## [RECORDS TO USE]
____________________
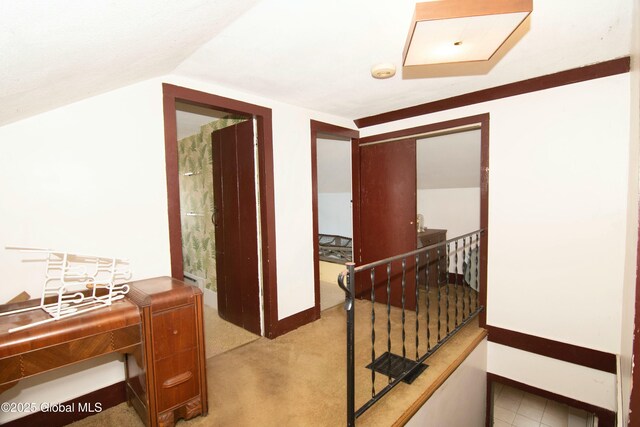 hallway featuring baseboards, an upstairs landing, vaulted ceiling, and light carpet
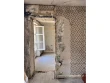 Une ancienne chambre d&eacute;labr&eacute;e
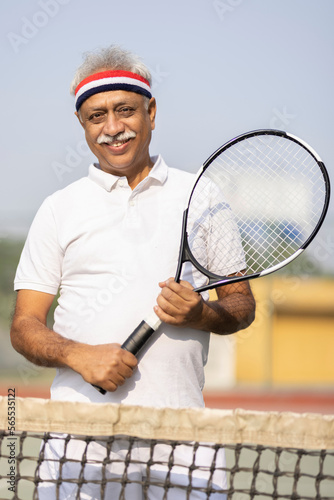 Portrait of smiling senior man holding tennis racket. © G-images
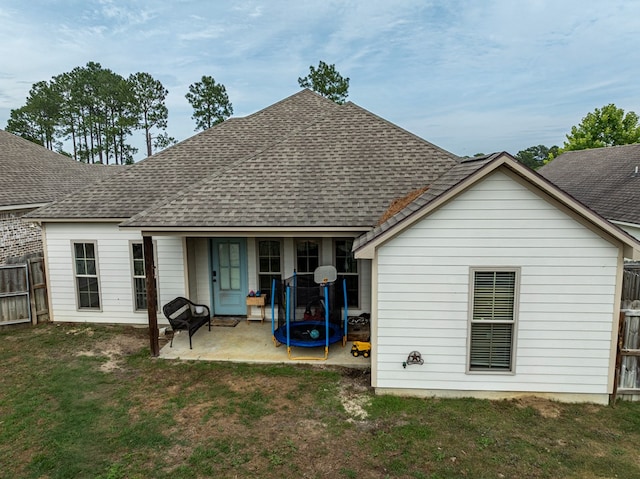 560 Osprey Cir, Tifton, GA 31794 - rear view of property featuring roof with shingles, a patio, and a trampoline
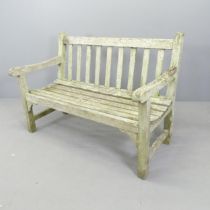LISTER - A weathered teak slatted garden bench. Overall 121x85x68cm. With maker's label.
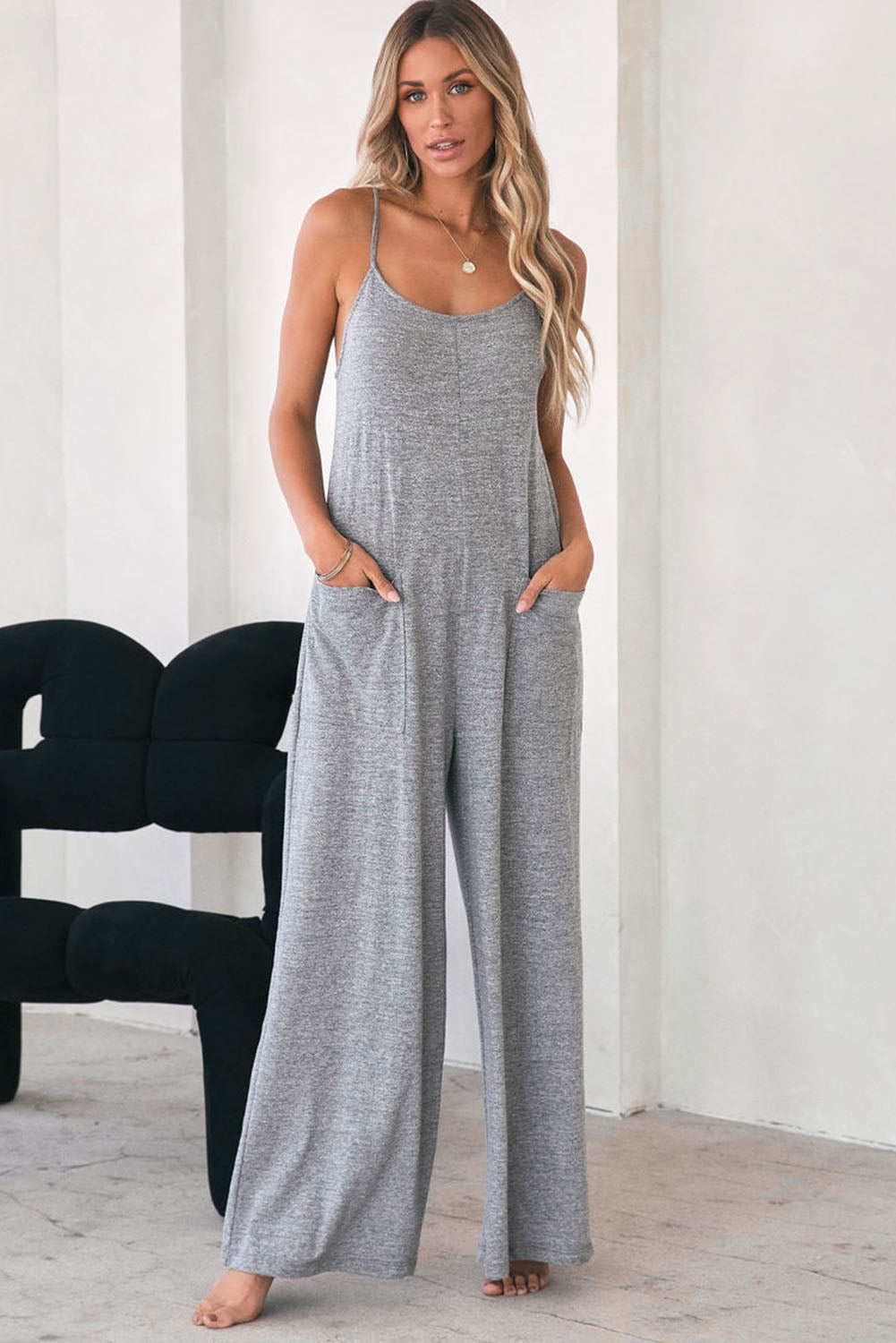 Gray Loose Fit Side Pockets Spaghetti Strap Wide Leg JumpsuitMaterial:65%Polyester+30%Cotton+5%Elastane



		Featuring a loose fit, the wide leg
jumpsuit provides freedom of movement
	
	
		Spaghetti straps highlight wome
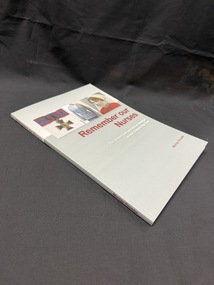 Grey and white paperback book with maroon and white writing on cover and spine. Cover also has images of a medal, uniform and portait of a woman in army nurses uniform.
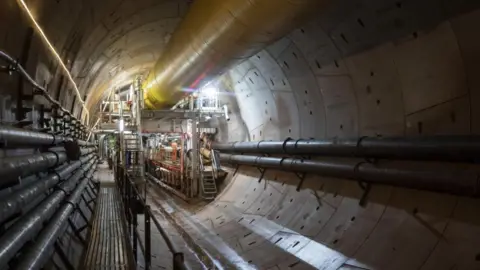 A view inside the Bromford Tunnel where lots of large pipes can be seen as well as crew in orange overalls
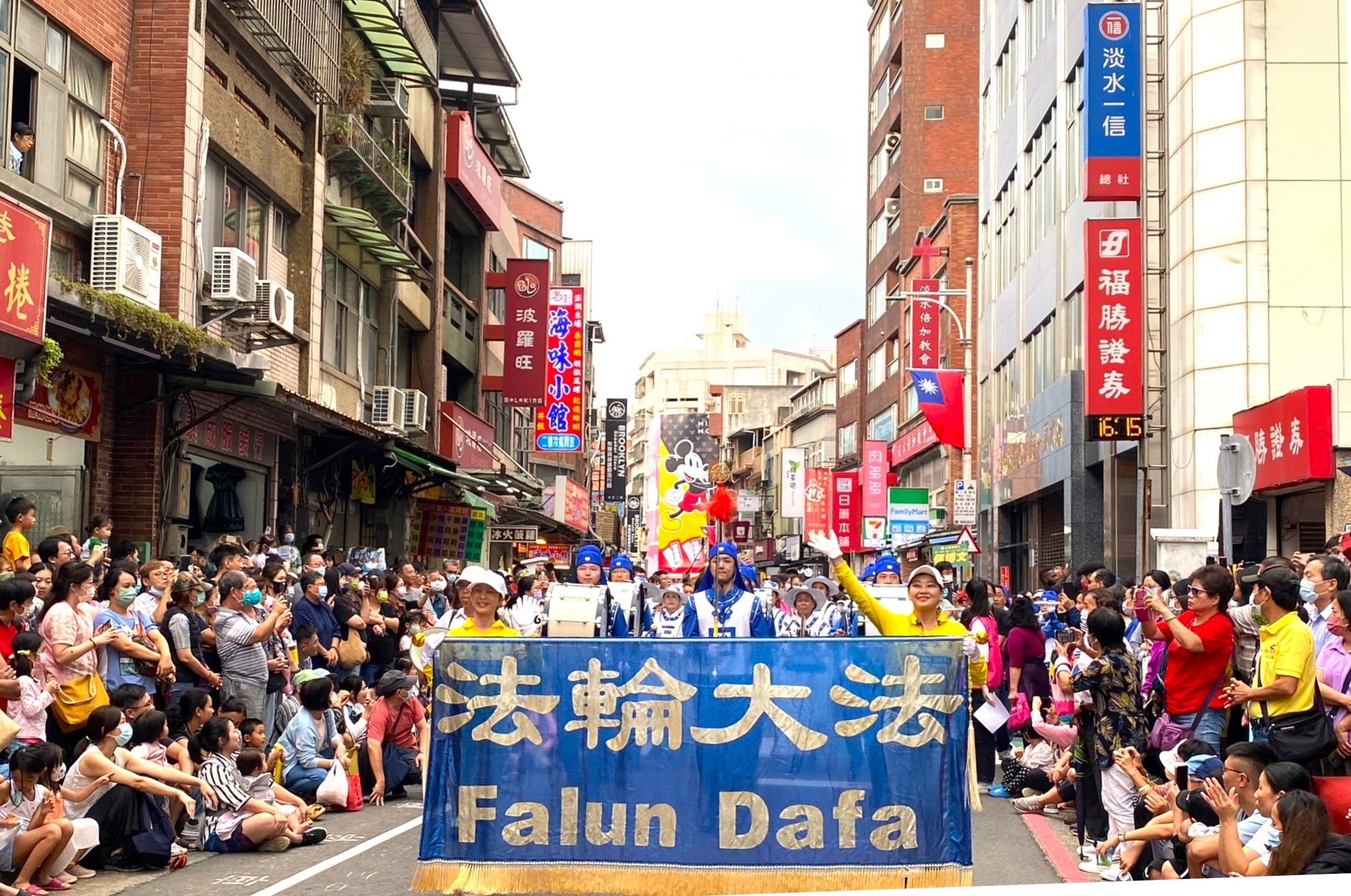 图1：二零二三年十月十四日，法轮功学员组成的天国乐团参加了台湾新北市的“淡水环境艺术节”踩街活动，受到两旁观众的欢迎。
____________________
## [WORK TO COMPLETE]
Leave out the pictures and copy exactly the lines from the one with "Gray Loose Fit" through the last line of the records above.

## [ANSWER TO THE PROBLEM]
 Gray Loose Fit Side Pockets Spaghetti Strap Wide Leg JumpsuitMaterial:65%Polyester+30%Cotton+5%Elastane



		Featuring a loose fit, the wide leg
jumpsuit provides freedom of movement
	
	
		Spaghetti straps highlight wome
 Grey and white paperback book with maroon and white writing on cover and spine. Cover also has images of a medal, uniform and portait of a woman in army nurses uniform.
 A view inside the Bromford Tunnel where lots of large pipes can be seen as well as crew in orange overalls
 图1：二零二三年十月十四日，法轮功学员组成的天国乐团参加了台湾新北市的“淡水环境艺术节”踩街活动，受到两旁观众的欢迎。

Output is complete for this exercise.